Particularly "Name" in:

  rr:subjectMap [
    rr:template "http://example.com/{Name}"
  ];

I need to slug the "Name" value so the string is URI safe according to our standards. e.g., if value of Name was "Hey Mister Tally M#n" we need the string to be slug'd to "Hey-Mister-Tally-M-n" (we have the regexp that does the conversion properly)

To start, I updated the Name value in student.csv file to "Hey Mister Tally M#n" and attempted to use grel:string_replace the object of foaf:Name with no success. Any help is greatly appreciated. It would also appreciate guidance on how would I apply the function to {Name} in rr:subjectMap [ rr:template ]

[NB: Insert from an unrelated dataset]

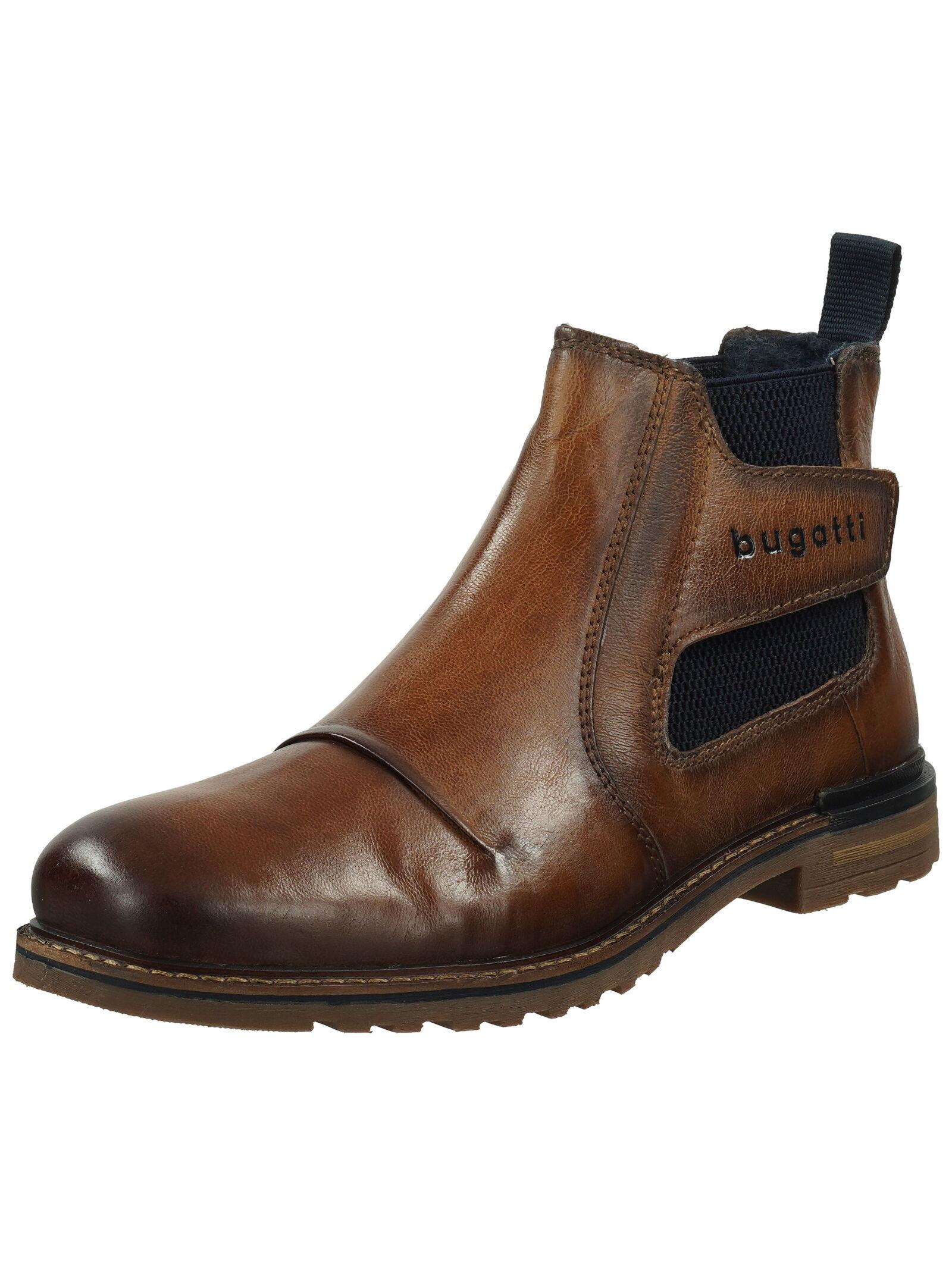 Image of Stiefelette 321-a0u3e-3200 Unisex Cognac 40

The result I get from the rule/function:

{"message":"Error while executing the rules.","log":"23:02:42.082 [main] ERROR be.ugent.rml.cli.Main               .main(404) - null\n","stack":"Error: Error while executing the rules.\n    at ChildProcess.<anonymous> (/rmlmapper-webapi-js/node_modules/@rmlio/rmlmapper-java-wrapper/lib/wrapper.js:170:23)\n    at ChildProcess.emit (events.js:400:28)\n    at maybeClose (internal/child_process.js:1088:16)\n    at Process.ChildProcess._handle.onexit (internal/child_process.js:296:5)"}

Here is what I have for a mapping.ttl:

@prefix rr: <http://www.w3.org/ns/r2rml#> .
@prefix foaf: <http://xmlns.com/foaf/0.1/> .
@prefix ex: <http://example.com/> .
@prefix xsd: <http://www.w3.org/2001/XMLSchema#> .
@prefix rml: <http://semweb.mmlab.be/ns/rml#> .
@prefix ql: <http://semweb.mmlab.be/ns/ql#> .
@prefix fnml:   <http://semweb.mmlab.be/ns/fnml#> .
@prefix fno:   <https://w3id.org/function/ontology#> .
@prefix grel:   <http://users.ugent.be/~bjdmeest/function/grel.ttl#> .

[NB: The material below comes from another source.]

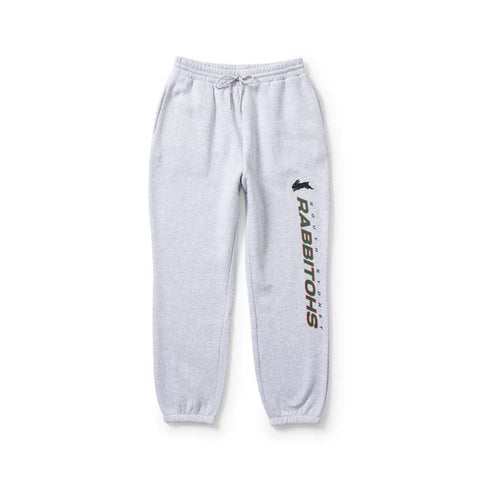 South Sydney Rabbitohs 2026 Track Pant Adult Grey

@base <http://example.com/base/> .

<TriplesMap1>
  a rr:TriplesMap;

  rml:logicalSource [
    rml:source "../student.csv";
    rml:referenceFormulation ql:CSV
  ];

  rr:subjectMap [
    rr:template "http://example.com/{Name}"
  ];

  rr:predicateObjectMap [
    rr:predicate foaf:name;
    rr:objectMap [
      fnml:functionValue [
        rr:predicateObjectMap [
            rr:predicate fno:executes ;
            rr:objectMap [ rr:constant grel:string_replace ] ] ;
        rr:predicateObjectMap [
            rr:predicate grel:valueParameter ;
            rr:objectMap [ rr:template "Name" ] ] ;
        rr:predicateObjectMap [
            rr:predicate grel:p_string_find  ;
            rr:objectMap [ rr:constant "[^a-zA-Z0-9_\-\.\+]+" ] ] ;
        rr:predicateObjectMap [
            rr:predicate grel:p_string_replace  ;
            rr:objectMap [ rr:constant "-"  ] ] ;                      
      ]
    ]
  ].
johndoe888 commented 1 year ago

When you can change your input to XML, you can use XPath (which I think is very powerful) with RML version 6.

Here is the XML data:

<?xml version="1.0" encoding="UTF-8"?>

<A1 name="H# M# T.-_ M."/>

Here is the mapping:

@prefix rr: <http://www.w3.org/ns/r2rml#>.
@prefix rml: <http://semweb.mmlab.be/ns/rml#>.
@prefix ex: <http://example.com/ns#>.
@prefix ql: <http://semweb.mmlab.be/ns/ql#>.

@base <http://example.com/data/>.

<#A1> a rr:TriplesMap;
  rml:logicalSource [
    rml:source "./test.xml" ;
    rml:iterator "/A1";
    rml:referenceFormulation ql:XPath;
  ];

  rr:subjectMap [
    rr:template "http://example.com/data/{replace(@name, '[^a-zA-Z0-9_.]+', '-')}";
    rr:class ex:A1
  ].

'+' is problematic as it would be encoded. You might have to post process that. I have not found a way around that.